Tossed on the August dog-days movie heap like last season's frayed uniform, The Replacements is an amiable, lackadaisical mouth-breather, lame even by triumph-of-the-underdog sports-comedy standards. Close cousins include the greed-and-gridiron half-satire North Dallas Forty, not to mention the Scott Bakula paragon Necessary Roughness (though another ancestral line might be the David-and-Goliath stick-action giggler: Slap Shot; The Mighty Ducks; Mystery, Alaska; the 1980 Olympic ice-hockey finals; etc.).
After the Washington Sentinels go out on strike, aging coach Gene Hackman comes on board to assemble a multiculti patchwork quilt of ne'er-do-well shadow talents: a lightning-fast convenience-store employee who can't catch (Orlando Jones); a sumo wrestler (Ace Yonamine, shot frequently from low angles, much like Richard on Survivor); a drunk Welsh soccer player (Rhys Ifans) who can kick the length of a field; a borderline-psychotic cop (Jon Favreau, doing his best Vin Diesel impression). Hackman's most coveted recruit, a former college football star named Shane Falco, harbors the most ambivalence about returning to the game, but this only adds to his noble luster. The second former Ohio State quarterback in Keanu Reeves's oeuvre, Falco is somewhat of an inversion of Point Break's Johnny Utah, whose career-ending busted shoulder only led him to the illustrious path of law enforcement and transcendentalist surfing, while Falco's humiliating 45-point loss in the Sugar Bowl dumped him in a marina where he scrapes the gunk off yuppie boats and sleeps alone. But Falco may set off typecasting alarms: His principled reluctance, his (career) resurrection, his selfless leadership on and off the field (a Shane-induced pub fight finally brings the bickering ragtags together), his martyrdoms in the line of duty (more sacks in one game, it would seem, than Archie Manning incurred in his whole career)it all recalls Reeves's Jesus figure in The Matrix. Falco's Costas-like grace in spinning a sports aphorism ("That's some deep shit Shane," a teammate testifies) only enhances his aura as the Chosen One.

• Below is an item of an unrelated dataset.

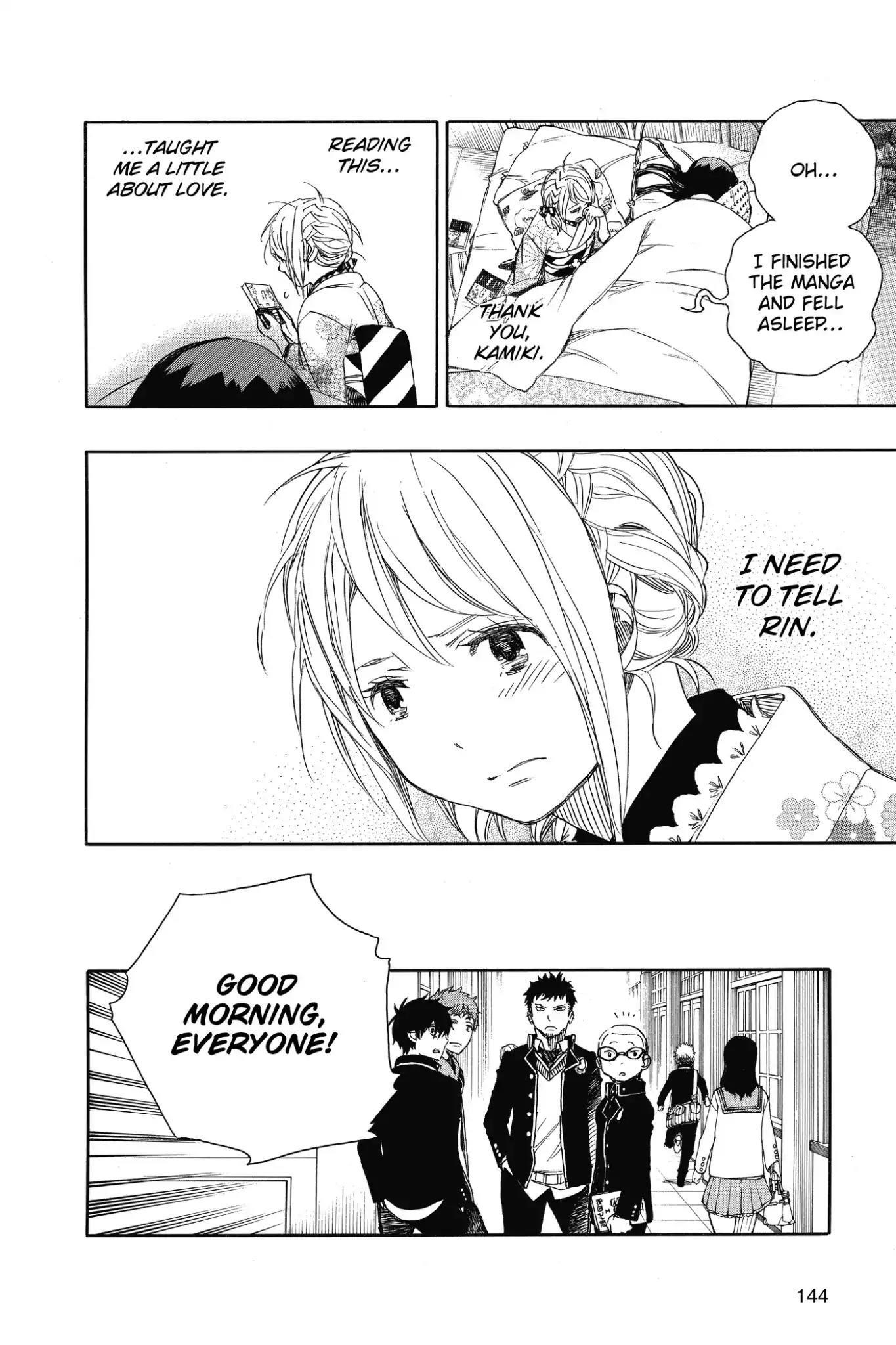 The Best Noble In Another World: The Bigger My Harem Gets, The Stronger I Become Chapter 82 - Page 30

Our Keanu ambles through Howard Deutch's slow-paced, thick-tongued production with his usual dazed beatific grace, and both he and Hackman seem embarrassed, which gives their scenes together a special poignancy. Eventually, girls are gotten and face is saved, but The Replacements offers only two new wrinkles in the annals of sports culture. One is a flat rejection of cheerleaders as mere superfluous eye candy; these tongue-lolling pom-pom ladies, who dress like the former Ginger Spice, prove a valuable source of distraction to the Sentinels' opponents. The other concerns the ongoing relationship between players, spectators, and affirmational gay disco anthems. Much as Yankees fans bump and grind each home game to "Y.M.C.A.," these Replacements, during a long night in prison after the aforementioned bar scrape, do a choreographed ass-shaking to "I Will Survive." Which is terrific, but aren't these the guys who did "Bastards of Young"?